Les ambitions du joueur s'en trouvent circonscrites au sein de son club, jusqu'à l'offre, à la fin de la saison, émanant du club français de Malakoff, dans la région parisienne. Le joueur se retrouve dans un cadre différent où la culture sportive exige un effort sans relâche et des performances individuelles pour s'imposer. La période d'adaptation ne dure pas longtemps, mais la dimension du club ne favorise pas une place au soleil. Le joueur conquiert toutefois les supporters du club dont un certain Patrick Bruel, le chanteur-comédien en herbe, devenu son principal admirateur. L'expérience ne dure pas longtemps, et le retour à l'Espérance devient inéluctable. Il peut alors réendosser le maillot ‘’sang et or’’ lors de la phase retour de la saison 1976-77. Le club entraîné par Stjepan Bobek est ravi par ce renfort pour surmonter des difficultés offensives. A son arrivée à  l'aéroport Tunis-Carthage, Zoubeir est impressionné par la foule des supporters venus l'accueillir.  Dans le même avion, Foued Mebazaa, ministre des Sports, est du voyage et se délecte de ce bain de foule tout en estimant que le football n'a pas son équivalent pour susciter les passions. En pleine campagne mondialiste, le phénomène l’impressionne autant qu'il l'éveille sur l’impact des contrecoups.

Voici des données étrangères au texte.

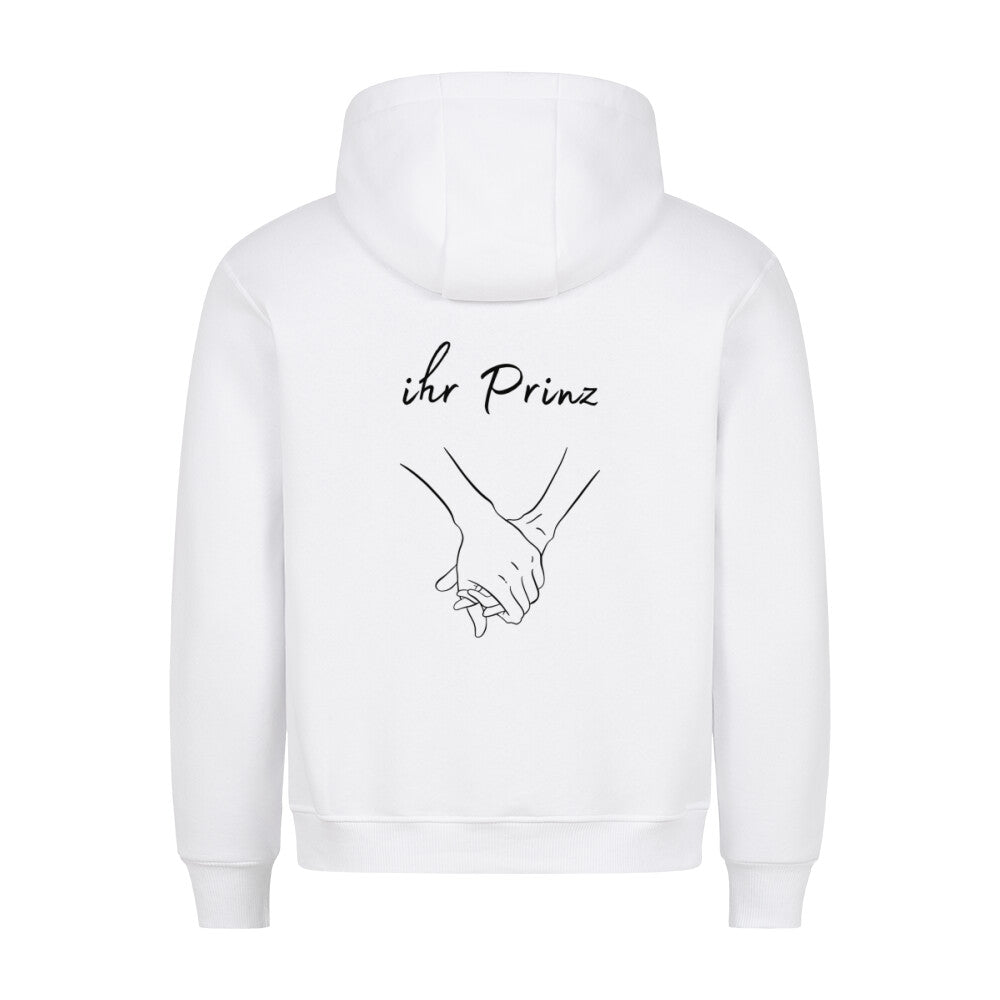 fd3dce8e-5c13-43ca-9a47-0161d8f00373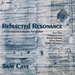 Sam Cave: Refracted Resonance: Contemporary Music for Guitar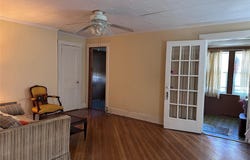 93-22 217 Street, Queens Village, NY 11428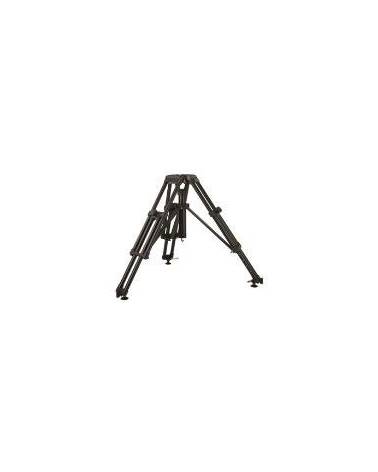 Vinten - 3901-3 - TRIPOD HDT-1 from VINTEN with reference 3901-3 at the low price of 2925. Product features:  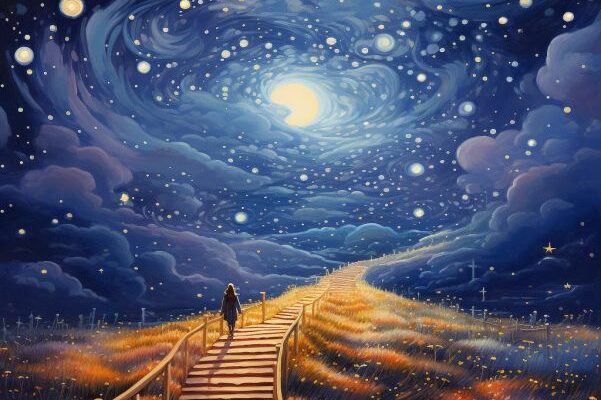 Cuối Năm – Đừng Nghĩ Là Hết Cơ Hội. Đây Chính Là Thời Điểm Vàng Để Bật Lên.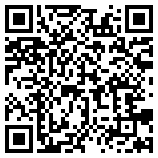QR Code for Dickson Funeral Home and Cremation Center in Dickson, TN 37055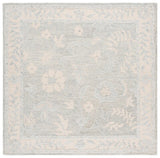 safavieh clearance metro met202f grey rug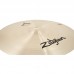 Zildjian 16" A Medium Crash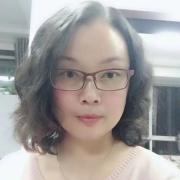 С���������ص����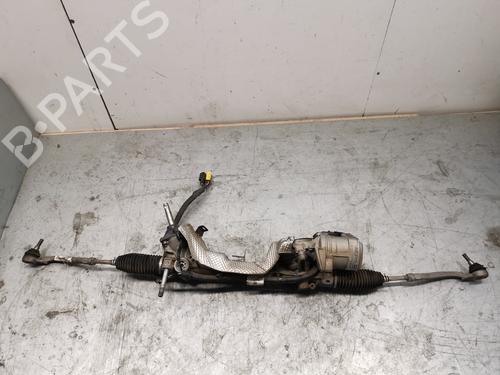 Used Steering rack PEUGEOT PARTNER Box Body/MPV (K9) [2018-2025]  29565689
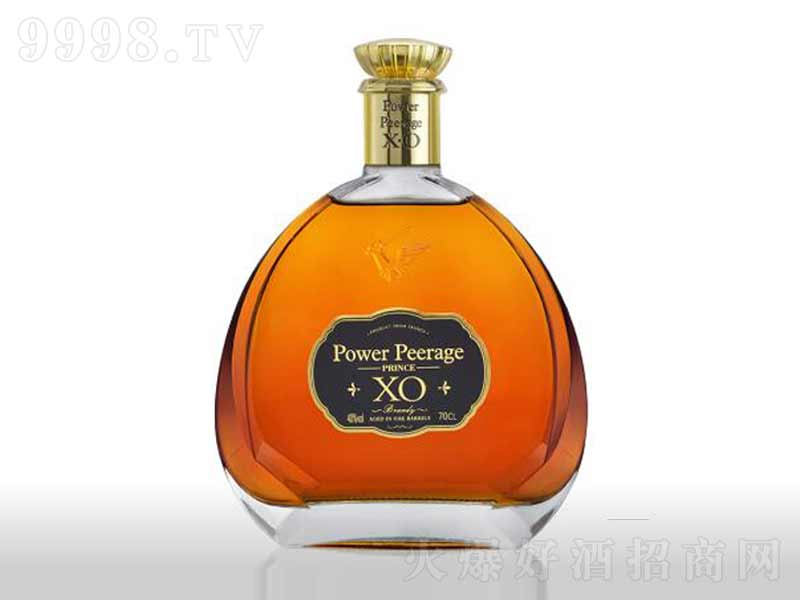 ��������XO��40��700ml��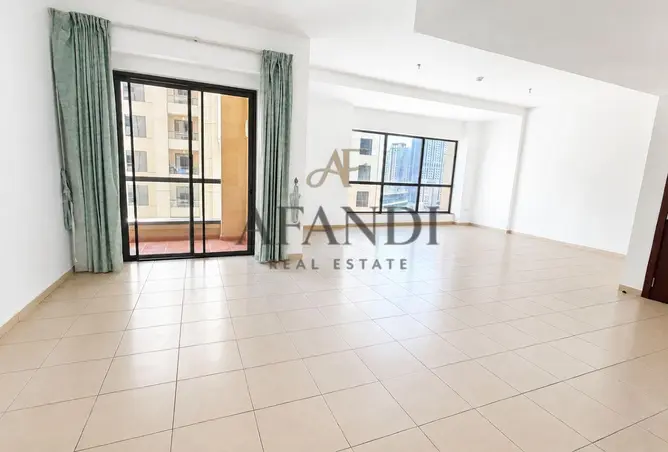 165035592 - Property Image 3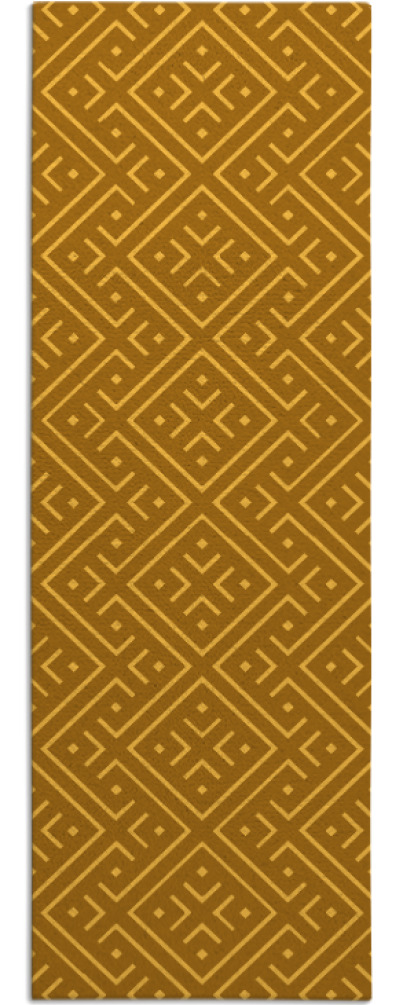 kyra rug - item 373178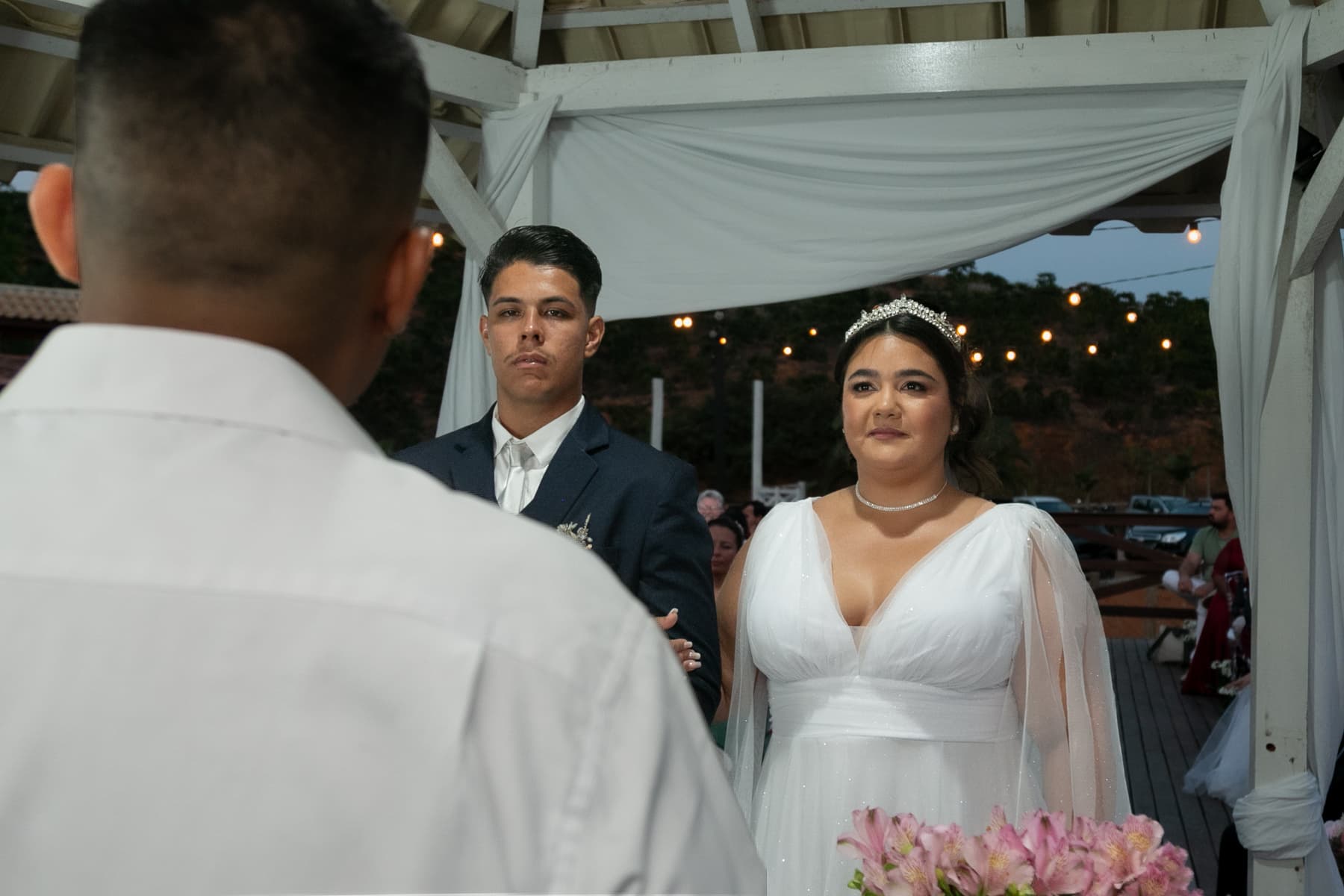fotos da galeria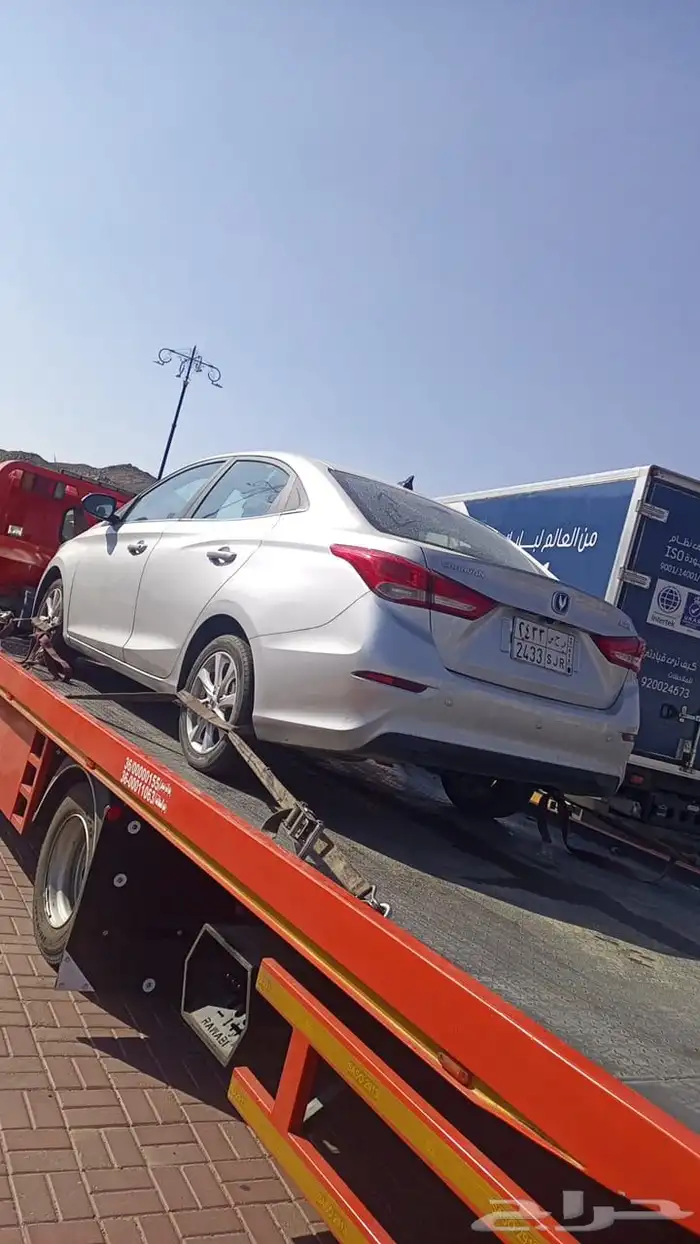سطحة ابها ظهران الجنوب تقديرات فاتوره الكترونيه ضريبيه 0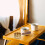 Espressotasse Aus 304 Mit Holzgriff Für 6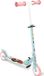 DISNEY Vaiana Trottinette Pliable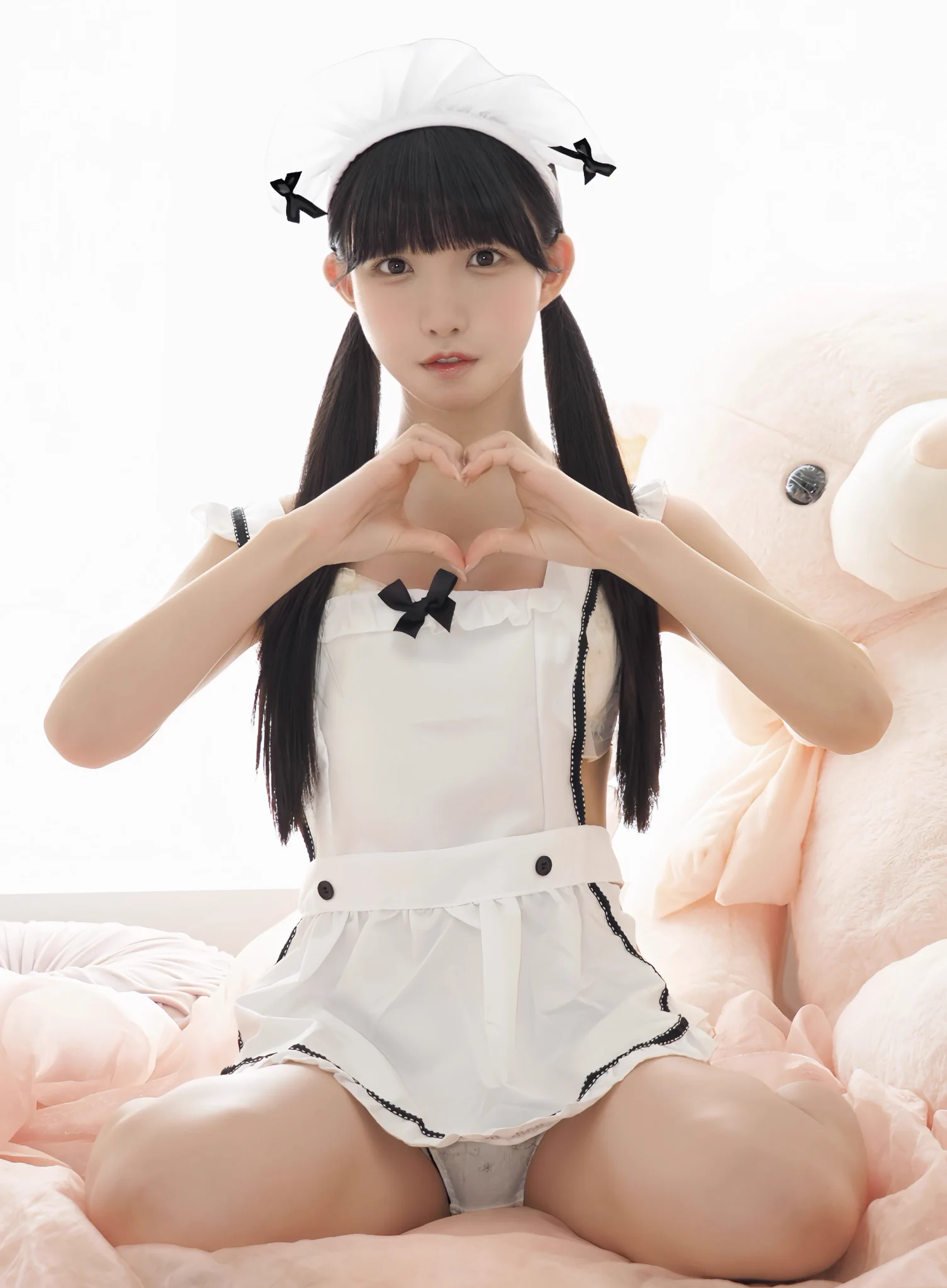 おはいお🤍🫶 https://t.co/i1KcS2Kg2c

Le premier match de Zoubeir est un sommet grandeur nature: Espérance-CSS. Soit le trio Tarak-Temime-Zoubeir contre le trio Dhouib-Agrebi-Akid. Le stade El Menzah enregistre une affluence record, et le public ressent d'emblée une sensation forte : Zoubeir ouvre le score dès la sixième minute. Une entrée en matière idéale pour l'Espérance soucieuse de redorer son blason après un démarrage difficile, outre le désir d'effacer la défaite de l'aller au stade 2-Mars de Sfax (1-3). Mais les Sfaxiens laissent passer l'orage, reprennent la direction du jeu et font une démonstration de leur efficacité et de leur football spectaculaire. Zoubeir est ahuri et incapable d'infléchir la tendance. Son équipe s'incline par 4-1 et la défaite lui signifie que la saison doit se limiter aux impératifs de la transition.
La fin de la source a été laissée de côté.